Exercise inputs below:

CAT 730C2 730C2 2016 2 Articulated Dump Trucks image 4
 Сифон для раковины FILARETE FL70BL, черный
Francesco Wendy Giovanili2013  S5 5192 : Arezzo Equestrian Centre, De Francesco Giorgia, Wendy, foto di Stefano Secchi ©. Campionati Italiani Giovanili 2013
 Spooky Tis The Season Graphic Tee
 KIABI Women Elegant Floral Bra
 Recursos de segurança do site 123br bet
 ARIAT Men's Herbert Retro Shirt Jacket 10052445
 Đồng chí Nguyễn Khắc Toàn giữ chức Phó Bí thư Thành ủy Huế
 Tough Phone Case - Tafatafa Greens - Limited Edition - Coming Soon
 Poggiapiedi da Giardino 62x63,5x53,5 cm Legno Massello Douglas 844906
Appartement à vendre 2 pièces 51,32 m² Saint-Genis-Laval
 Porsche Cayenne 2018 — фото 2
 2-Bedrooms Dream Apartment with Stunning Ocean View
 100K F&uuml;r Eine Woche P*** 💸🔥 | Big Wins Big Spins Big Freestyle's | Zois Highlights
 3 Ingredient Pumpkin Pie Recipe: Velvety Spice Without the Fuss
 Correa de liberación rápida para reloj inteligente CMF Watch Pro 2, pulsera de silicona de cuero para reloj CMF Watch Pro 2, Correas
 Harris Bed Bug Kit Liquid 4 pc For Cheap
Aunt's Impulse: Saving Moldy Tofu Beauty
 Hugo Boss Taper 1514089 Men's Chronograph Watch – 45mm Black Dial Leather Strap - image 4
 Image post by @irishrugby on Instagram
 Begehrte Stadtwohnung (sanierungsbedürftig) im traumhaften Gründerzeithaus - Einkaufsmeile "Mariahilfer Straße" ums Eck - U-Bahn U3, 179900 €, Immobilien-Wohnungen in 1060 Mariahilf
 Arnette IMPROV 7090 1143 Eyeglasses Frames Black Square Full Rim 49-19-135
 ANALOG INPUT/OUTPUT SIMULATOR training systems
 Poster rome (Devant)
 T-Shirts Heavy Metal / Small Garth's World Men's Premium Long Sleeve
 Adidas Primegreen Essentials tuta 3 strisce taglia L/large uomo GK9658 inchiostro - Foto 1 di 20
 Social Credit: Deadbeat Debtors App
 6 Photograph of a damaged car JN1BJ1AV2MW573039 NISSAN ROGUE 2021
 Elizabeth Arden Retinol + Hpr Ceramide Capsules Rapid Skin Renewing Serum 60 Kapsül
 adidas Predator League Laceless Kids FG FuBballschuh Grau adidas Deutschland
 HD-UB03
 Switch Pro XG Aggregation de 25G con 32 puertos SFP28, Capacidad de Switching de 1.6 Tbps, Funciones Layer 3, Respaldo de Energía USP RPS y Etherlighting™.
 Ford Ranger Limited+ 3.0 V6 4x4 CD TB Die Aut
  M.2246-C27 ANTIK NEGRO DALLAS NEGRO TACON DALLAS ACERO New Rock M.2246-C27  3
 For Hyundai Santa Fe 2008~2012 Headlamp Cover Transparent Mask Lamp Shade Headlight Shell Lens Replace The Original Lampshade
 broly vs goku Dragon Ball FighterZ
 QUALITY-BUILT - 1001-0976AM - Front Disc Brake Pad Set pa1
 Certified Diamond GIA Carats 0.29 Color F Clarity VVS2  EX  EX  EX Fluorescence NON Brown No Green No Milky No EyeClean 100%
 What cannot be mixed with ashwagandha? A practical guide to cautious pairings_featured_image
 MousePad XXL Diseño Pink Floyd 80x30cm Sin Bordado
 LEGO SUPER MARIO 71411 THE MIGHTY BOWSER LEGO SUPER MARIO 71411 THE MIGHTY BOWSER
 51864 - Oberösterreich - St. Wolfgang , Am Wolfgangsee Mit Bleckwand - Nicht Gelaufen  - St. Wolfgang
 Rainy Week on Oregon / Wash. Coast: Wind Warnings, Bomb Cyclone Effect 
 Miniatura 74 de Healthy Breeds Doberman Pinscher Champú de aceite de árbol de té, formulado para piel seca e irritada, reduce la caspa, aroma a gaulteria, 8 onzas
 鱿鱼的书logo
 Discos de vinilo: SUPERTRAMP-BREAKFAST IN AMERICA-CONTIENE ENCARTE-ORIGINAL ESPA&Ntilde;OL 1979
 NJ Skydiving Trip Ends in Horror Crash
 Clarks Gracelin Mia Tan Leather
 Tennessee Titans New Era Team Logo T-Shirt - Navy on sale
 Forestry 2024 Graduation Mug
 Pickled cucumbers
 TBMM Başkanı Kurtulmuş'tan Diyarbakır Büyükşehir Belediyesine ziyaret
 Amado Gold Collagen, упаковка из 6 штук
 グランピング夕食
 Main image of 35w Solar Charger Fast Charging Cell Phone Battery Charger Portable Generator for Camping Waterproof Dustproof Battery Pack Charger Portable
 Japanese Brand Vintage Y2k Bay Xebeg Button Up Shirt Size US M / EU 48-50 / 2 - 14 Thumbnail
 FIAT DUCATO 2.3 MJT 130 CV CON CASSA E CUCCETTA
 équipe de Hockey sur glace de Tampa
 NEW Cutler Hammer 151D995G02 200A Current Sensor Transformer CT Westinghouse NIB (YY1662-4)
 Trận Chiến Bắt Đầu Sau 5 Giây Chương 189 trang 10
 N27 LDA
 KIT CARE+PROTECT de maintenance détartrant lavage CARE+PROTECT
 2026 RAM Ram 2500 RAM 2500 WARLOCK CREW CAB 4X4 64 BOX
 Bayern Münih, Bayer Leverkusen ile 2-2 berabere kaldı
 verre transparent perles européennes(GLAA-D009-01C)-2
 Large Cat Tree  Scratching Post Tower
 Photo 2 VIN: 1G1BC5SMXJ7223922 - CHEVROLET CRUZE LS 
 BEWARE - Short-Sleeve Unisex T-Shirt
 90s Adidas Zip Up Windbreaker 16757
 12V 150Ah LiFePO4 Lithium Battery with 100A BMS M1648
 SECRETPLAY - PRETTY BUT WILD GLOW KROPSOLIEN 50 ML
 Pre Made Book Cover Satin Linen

End of Exercise inputs.

Set the data above down again in full, exactly as it reads.

CAT 730C2 730C2 2016 2 Articulated Dump Trucks image 4
 Сифон для раковины FILARETE FL70BL, черный
Francesco Wendy Giovanili2013  S5 5192 : Arezzo Equestrian Centre, De Francesco Giorgia, Wendy, foto di Stefano Secchi ©. Campionati Italiani Giovanili 2013
 Spooky Tis The Season Graphic Tee
 KIABI Women Elegant Floral Bra
 Recursos de segurança do site 123br bet
 ARIAT Men's Herbert Retro Shirt Jacket 10052445
 Đồng chí Nguyễn Khắc Toàn giữ chức Phó Bí thư Thành ủy Huế
 Tough Phone Case - Tafatafa Greens - Limited Edition - Coming Soon
 Poggiapiedi da Giardino 62x63,5x53,5 cm Legno Massello Douglas 844906
Appartement à vendre 2 pièces 51,32 m² Saint-Genis-Laval
 Porsche Cayenne 2018 — фото 2
 2-Bedrooms Dream Apartment with Stunning Ocean View
 100K F&uuml;r Eine Woche P*** 💸🔥 | Big Wins Big Spins Big Freestyle's | Zois Highlights
 3 Ingredient Pumpkin Pie Recipe: Velvety Spice Without the Fuss
 Correa de liberación rápida para reloj inteligente CMF Watch Pro 2, pulsera de silicona de cuero para reloj CMF Watch Pro 2, Correas
 Harris Bed Bug Kit Liquid 4 pc For Cheap
Aunt's Impulse: Saving Moldy Tofu Beauty
 Hugo Boss Taper 1514089 Men's Chronograph Watch – 45mm Black Dial Leather Strap - image 4
 Image post by @irishrugby on Instagram
 Begehrte Stadtwohnung (sanierungsbedürftig) im traumhaften Gründerzeithaus - Einkaufsmeile "Mariahilfer Straße" ums Eck - U-Bahn U3, 179900 €, Immobilien-Wohnungen in 1060 Mariahilf
 Arnette IMPROV 7090 1143 Eyeglasses Frames Black Square Full Rim 49-19-135
 ANALOG INPUT/OUTPUT SIMULATOR training systems
 Poster rome (Devant)
 T-Shirts Heavy Metal / Small Garth's World Men's Premium Long Sleeve
 Adidas Primegreen Essentials tuta 3 strisce taglia L/large uomo GK9658 inchiostro - Foto 1 di 20
 Social Credit: Deadbeat Debtors App
 6 Photograph of a damaged car JN1BJ1AV2MW573039 NISSAN ROGUE 2021
 Elizabeth Arden Retinol + Hpr Ceramide Capsules Rapid Skin Renewing Serum 60 Kapsül
 adidas Predator League Laceless Kids FG FuBballschuh Grau adidas Deutschland
 HD-UB03
 Switch Pro XG Aggregation de 25G con 32 puertos SFP28, Capacidad de Switching de 1.6 Tbps, Funciones Layer 3, Respaldo de Energía USP RPS y Etherlighting™.
 Ford Ranger Limited+ 3.0 V6 4x4 CD TB Die Aut
  M.2246-C27 ANTIK NEGRO DALLAS NEGRO TACON DALLAS ACERO New Rock M.2246-C27  3
 For Hyundai Santa Fe 2008~2012 Headlamp Cover Transparent Mask Lamp Shade Headlight Shell Lens Replace The Original Lampshade
 broly vs goku Dragon Ball FighterZ
 QUALITY-BUILT - 1001-0976AM - Front Disc Brake Pad Set pa1
 Certified Diamond GIA Carats 0.29 Color F Clarity VVS2  EX  EX  EX Fluorescence NON Brown No Green No Milky No EyeClean 100%
 What cannot be mixed with ashwagandha? A practical guide to cautious pairings_featured_image
 MousePad XXL Diseño Pink Floyd 80x30cm Sin Bordado
 LEGO SUPER MARIO 71411 THE MIGHTY BOWSER LEGO SUPER MARIO 71411 THE MIGHTY BOWSER
 51864 - Oberösterreich - St. Wolfgang , Am Wolfgangsee Mit Bleckwand - Nicht Gelaufen  - St. Wolfgang
 Rainy Week on Oregon / Wash. Coast: Wind Warnings, Bomb Cyclone Effect 
 Miniatura 74 de Healthy Breeds Doberman Pinscher Champú de aceite de árbol de té, formulado para piel seca e irritada, reduce la caspa, aroma a gaulteria, 8 onzas
 鱿鱼的书logo
 Discos de vinilo: SUPERTRAMP-BREAKFAST IN AMERICA-CONTIENE ENCARTE-ORIGINAL ESPA&Ntilde;OL 1979
 NJ Skydiving Trip Ends in Horror Crash
 Clarks Gracelin Mia Tan Leather
 Tennessee Titans New Era Team Logo T-Shirt - Navy on sale
 Forestry 2024 Graduation Mug
 Pickled cucumbers
 TBMM Başkanı Kurtulmuş'tan Diyarbakır Büyükşehir Belediyesine ziyaret
 Amado Gold Collagen, упаковка из 6 штук
 グランピング夕食
 Main image of 35w Solar Charger Fast Charging Cell Phone Battery Charger Portable Generator for Camping Waterproof Dustproof Battery Pack Charger Portable
 Japanese Brand Vintage Y2k Bay Xebeg Button Up Shirt Size US M / EU 48-50 / 2 - 14 Thumbnail
 FIAT DUCATO 2.3 MJT 130 CV CON CASSA E CUCCETTA
 équipe de Hockey sur glace de Tampa
 NEW Cutler Hammer 151D995G02 200A Current Sensor Transformer CT Westinghouse NIB (YY1662-4)
 Trận Chiến Bắt Đầu Sau 5 Giây Chương 189 trang 10
 N27 LDA
 KIT CARE+PROTECT de maintenance détartrant lavage CARE+PROTECT
 2026 RAM Ram 2500 RAM 2500 WARLOCK CREW CAB 4X4 64 BOX
 Bayern Münih, Bayer Leverkusen ile 2-2 berabere kaldı
 verre transparent perles européennes(GLAA-D009-01C)-2
 Large Cat Tree  Scratching Post Tower
 Photo 2 VIN: 1G1BC5SMXJ7223922 - CHEVROLET CRUZE LS 
 BEWARE - Short-Sleeve Unisex T-Shirt
 90s Adidas Zip Up Windbreaker 16757
 12V 150Ah LiFePO4 Lithium Battery with 100A BMS M1648
 SECRETPLAY - PRETTY BUT WILD GLOW KROPSOLIEN 50 ML
 Pre Made Book Cover Satin Linen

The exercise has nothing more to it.